There was something similar in Luke, chapter 19:47-48. Mark said that the chief priests and the Scribes heard about this incident in the Temple (καὶ ἤκουσαν οἱ ἀρχιερεῖς καὶ οἱ γραμματεῖς). Thus, they kept seeking or looking for a way to destroy or kill Jesus (καὶ ἐζήτουν πῶς αὐτὸν ἀπολέσωσιν). This may have been the immediate event that caused the Jerusalem elders to be suspicious of Jesus. However, they were afraid of Jesus (ἐφοβοῦντο γὰρ αὐτόν), because the whole crowd (πᾶς γὰρ ὁ ὄχλος) was spellbound or astonished (ἐξεπλήσσετο) by his teaching (πὶ τῇ διδαχῇ αὐτοῦ). The plot thickens.
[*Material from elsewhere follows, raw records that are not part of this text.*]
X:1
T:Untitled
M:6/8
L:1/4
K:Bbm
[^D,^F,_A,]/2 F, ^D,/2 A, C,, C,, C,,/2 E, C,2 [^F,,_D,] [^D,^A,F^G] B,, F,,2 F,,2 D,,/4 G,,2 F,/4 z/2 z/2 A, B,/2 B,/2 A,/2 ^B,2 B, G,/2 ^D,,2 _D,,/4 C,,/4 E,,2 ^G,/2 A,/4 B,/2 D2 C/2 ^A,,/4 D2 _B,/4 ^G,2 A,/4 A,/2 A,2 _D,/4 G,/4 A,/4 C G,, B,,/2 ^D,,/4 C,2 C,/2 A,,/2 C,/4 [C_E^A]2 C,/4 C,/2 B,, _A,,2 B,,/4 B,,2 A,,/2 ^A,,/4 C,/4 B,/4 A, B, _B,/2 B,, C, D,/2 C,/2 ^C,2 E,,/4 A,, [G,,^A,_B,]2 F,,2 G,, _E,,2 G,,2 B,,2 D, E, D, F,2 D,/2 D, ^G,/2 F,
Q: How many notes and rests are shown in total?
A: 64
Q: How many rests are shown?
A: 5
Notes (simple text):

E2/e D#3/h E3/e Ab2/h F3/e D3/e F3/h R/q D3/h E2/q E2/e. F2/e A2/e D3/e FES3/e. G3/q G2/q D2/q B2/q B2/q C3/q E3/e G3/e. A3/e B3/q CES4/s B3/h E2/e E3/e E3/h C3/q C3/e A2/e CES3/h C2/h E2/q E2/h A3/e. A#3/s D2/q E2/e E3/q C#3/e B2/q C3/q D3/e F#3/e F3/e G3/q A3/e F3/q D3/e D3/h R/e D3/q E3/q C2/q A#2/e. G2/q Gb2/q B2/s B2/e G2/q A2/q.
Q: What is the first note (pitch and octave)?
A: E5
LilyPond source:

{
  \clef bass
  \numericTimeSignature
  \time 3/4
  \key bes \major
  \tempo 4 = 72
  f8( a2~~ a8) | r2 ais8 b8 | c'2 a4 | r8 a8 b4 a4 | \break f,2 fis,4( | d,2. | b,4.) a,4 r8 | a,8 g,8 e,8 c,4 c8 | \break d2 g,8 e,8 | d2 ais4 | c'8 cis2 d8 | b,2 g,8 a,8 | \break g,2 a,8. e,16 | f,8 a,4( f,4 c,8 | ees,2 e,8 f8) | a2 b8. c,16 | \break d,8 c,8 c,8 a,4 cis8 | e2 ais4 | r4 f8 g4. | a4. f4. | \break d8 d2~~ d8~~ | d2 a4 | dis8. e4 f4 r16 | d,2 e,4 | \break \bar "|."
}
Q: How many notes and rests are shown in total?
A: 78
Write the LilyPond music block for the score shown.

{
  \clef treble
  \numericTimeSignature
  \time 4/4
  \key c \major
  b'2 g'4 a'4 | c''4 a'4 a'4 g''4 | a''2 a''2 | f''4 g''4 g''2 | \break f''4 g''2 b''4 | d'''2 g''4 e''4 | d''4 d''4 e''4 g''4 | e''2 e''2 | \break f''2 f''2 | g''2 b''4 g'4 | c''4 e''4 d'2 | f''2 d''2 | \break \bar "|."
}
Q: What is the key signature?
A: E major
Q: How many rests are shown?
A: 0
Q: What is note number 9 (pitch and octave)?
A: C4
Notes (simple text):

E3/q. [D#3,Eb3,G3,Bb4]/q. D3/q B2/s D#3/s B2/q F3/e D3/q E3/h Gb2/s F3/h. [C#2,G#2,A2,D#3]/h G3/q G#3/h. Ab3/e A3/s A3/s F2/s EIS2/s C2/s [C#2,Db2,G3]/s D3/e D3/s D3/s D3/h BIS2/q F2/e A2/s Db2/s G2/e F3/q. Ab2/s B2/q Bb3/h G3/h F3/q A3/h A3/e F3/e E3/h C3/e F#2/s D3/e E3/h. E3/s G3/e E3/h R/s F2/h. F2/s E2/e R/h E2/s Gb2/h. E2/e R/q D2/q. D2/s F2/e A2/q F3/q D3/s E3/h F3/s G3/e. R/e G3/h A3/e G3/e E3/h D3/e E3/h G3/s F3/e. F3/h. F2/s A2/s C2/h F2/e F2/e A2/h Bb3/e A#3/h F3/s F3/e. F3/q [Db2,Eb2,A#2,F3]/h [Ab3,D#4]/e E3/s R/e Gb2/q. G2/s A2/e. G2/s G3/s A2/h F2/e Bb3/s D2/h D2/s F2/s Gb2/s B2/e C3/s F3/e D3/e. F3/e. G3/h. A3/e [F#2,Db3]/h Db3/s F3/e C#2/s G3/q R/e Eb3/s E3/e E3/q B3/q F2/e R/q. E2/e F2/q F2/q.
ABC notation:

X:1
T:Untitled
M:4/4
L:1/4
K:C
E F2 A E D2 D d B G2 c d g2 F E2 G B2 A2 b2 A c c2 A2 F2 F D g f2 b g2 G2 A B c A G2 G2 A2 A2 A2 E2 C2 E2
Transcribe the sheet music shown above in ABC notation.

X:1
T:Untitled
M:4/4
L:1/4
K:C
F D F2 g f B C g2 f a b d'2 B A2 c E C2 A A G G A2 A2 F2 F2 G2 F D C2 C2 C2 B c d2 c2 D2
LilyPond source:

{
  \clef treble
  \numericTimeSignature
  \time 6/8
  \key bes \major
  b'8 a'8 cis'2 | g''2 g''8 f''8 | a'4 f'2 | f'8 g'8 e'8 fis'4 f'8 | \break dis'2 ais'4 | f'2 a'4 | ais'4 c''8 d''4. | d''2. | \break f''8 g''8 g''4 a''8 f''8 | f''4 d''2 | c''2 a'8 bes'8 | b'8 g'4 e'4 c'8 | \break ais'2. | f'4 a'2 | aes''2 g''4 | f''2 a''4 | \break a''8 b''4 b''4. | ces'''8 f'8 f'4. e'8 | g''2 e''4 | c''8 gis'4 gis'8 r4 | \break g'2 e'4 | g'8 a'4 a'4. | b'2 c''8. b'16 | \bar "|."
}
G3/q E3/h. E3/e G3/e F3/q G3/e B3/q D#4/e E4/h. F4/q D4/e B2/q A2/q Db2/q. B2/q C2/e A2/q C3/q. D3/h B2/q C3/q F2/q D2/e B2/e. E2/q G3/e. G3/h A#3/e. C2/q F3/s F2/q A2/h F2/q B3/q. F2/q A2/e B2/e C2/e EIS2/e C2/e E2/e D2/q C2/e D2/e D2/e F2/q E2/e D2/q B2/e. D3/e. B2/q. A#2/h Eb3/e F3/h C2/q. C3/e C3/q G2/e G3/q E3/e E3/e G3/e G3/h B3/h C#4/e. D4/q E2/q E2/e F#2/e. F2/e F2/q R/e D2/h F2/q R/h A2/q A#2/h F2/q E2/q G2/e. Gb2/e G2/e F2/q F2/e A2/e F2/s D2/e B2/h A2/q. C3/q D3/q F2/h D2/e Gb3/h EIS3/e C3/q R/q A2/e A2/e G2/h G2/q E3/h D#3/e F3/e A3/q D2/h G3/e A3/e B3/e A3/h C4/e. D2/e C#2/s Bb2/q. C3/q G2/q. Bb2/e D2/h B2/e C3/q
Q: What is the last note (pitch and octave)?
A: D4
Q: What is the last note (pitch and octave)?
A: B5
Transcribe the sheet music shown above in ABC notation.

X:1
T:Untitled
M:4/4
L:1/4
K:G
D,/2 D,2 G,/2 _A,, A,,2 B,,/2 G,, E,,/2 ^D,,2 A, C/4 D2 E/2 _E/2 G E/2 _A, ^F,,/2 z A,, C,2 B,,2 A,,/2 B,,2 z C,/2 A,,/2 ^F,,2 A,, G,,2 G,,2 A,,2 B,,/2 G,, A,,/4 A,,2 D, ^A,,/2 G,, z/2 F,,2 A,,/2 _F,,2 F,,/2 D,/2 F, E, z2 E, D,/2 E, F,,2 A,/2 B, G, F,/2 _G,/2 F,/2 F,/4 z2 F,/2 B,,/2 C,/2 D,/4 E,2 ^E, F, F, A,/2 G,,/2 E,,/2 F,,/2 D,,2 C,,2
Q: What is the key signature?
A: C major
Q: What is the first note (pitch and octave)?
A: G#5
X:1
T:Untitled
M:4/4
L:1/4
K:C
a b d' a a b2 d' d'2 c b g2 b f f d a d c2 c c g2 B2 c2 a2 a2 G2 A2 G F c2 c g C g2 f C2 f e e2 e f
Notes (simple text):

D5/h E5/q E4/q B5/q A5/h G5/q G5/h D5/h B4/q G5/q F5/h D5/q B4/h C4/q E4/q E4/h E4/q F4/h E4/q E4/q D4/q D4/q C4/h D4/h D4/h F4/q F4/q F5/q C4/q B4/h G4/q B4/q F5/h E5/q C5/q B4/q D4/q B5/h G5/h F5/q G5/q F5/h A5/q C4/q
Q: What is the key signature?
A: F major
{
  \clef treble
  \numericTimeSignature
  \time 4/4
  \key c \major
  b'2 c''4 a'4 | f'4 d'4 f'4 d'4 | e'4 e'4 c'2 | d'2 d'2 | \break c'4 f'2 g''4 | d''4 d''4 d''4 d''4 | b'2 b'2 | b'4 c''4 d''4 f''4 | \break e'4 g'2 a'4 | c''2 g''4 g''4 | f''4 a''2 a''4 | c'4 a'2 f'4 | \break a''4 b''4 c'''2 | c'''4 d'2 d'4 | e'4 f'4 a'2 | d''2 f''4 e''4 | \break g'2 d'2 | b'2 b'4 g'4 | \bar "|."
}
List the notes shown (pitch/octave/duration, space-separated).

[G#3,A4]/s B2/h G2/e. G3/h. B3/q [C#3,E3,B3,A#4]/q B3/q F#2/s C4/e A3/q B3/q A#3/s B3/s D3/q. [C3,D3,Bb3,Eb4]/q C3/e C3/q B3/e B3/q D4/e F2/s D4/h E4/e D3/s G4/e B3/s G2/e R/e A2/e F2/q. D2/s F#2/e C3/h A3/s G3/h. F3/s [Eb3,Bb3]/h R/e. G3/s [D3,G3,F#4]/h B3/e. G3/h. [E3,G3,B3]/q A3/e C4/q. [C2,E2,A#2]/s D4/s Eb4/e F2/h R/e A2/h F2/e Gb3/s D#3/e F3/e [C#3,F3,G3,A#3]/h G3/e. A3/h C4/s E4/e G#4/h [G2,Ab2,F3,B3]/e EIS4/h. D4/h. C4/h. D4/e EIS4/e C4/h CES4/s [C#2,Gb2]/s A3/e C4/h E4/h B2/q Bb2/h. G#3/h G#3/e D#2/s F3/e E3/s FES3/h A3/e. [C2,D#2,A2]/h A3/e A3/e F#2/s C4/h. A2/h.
This incident about the man seeking eternal can be found in Matthew, chapter 19:16, and Luke, chapter 18:18, but slightly different. Mark has Jesus setting out on a journey (Καὶ ἐκπορευομένου αὐτοῦ εἰς ὁδὸν), when a man, not a ruler as in Luke, came running up to Jesus (προσδραμὼν εἷς). He knelt down before Jesus (καὶ γονυπετήσας αὐτὸν). He then questioned Jesus (ἐπηρώτα αὐτόν), calling him a good teacher (Διδάσκαλε ἀγαθέ), not just a teacher as in Matthew. He wanted to know what he had to do (τί ποιήσω) to inherit, possess, or acquire eternal life (ἵνα ζωὴν αἰώνιον κληρονομήσω). This person wanted to know about his own personal eternal salvation, while the normal Jewish attitude would have been to talk about how they could all be saved.
This seeking of signs was common among the gospel writers, in Luke, chapter 11:16, and especially in Matthew, chapters 12:38 and 16:1-4. The Pharisees wanted a sign. There was no mention of the Scribes here, as in Matthew. These Pharisees were a political party, a social movement, and a religious school of thought that became the basis for later Rabbinic Judaism. They had they own expert explanations of Jewish law that sometimes appeared to be hypocritical or arrogant, with the letter of the law above its spirit. They had a form of Judaism that extended beyond the Temple. The Pharisees in the New Testament, often engaged in discussion and disputes with Jesus and his disciples, as here. Mark said that some of these Pharisees came to Jesus (Καὶ ἐξῆλθον οἱ Φαρισαῖοι). They began to argue, dispute, or discuss with Jesus (καὶ ἤρξαντο συνζητεῖν αὐτῷ). They asked him to show them a sign from heaven or a heavenly validation of his work (ζητοῦντες παρ’ αὐτοῦ σημεῖον ἀπὸ τοῦ οὐρανοῦ). They wanted to test or tempt Jesus (πειράζοντες αὐτόν). Heavenly signs had been common among the prophets to prove their authenticity.
There is something similar in Luke, chapter 4:42, but there it was a crowd of people with no mention of Simon. Mark said that Simon was with some of his companions or fellow disciples (Σίμων καὶ οἱ μετ’ αὐτοῦ) who were hunting or following after or looking for Jesus (καὶ κατεδίωξεν αὐτὸν). When they found him (καὶ εὗρον αὐτὸν), they said to him (καὶ λέγουσιν αὐτῷ) that everyone was seeking, searching, or looking for him. Jesus could not be alone.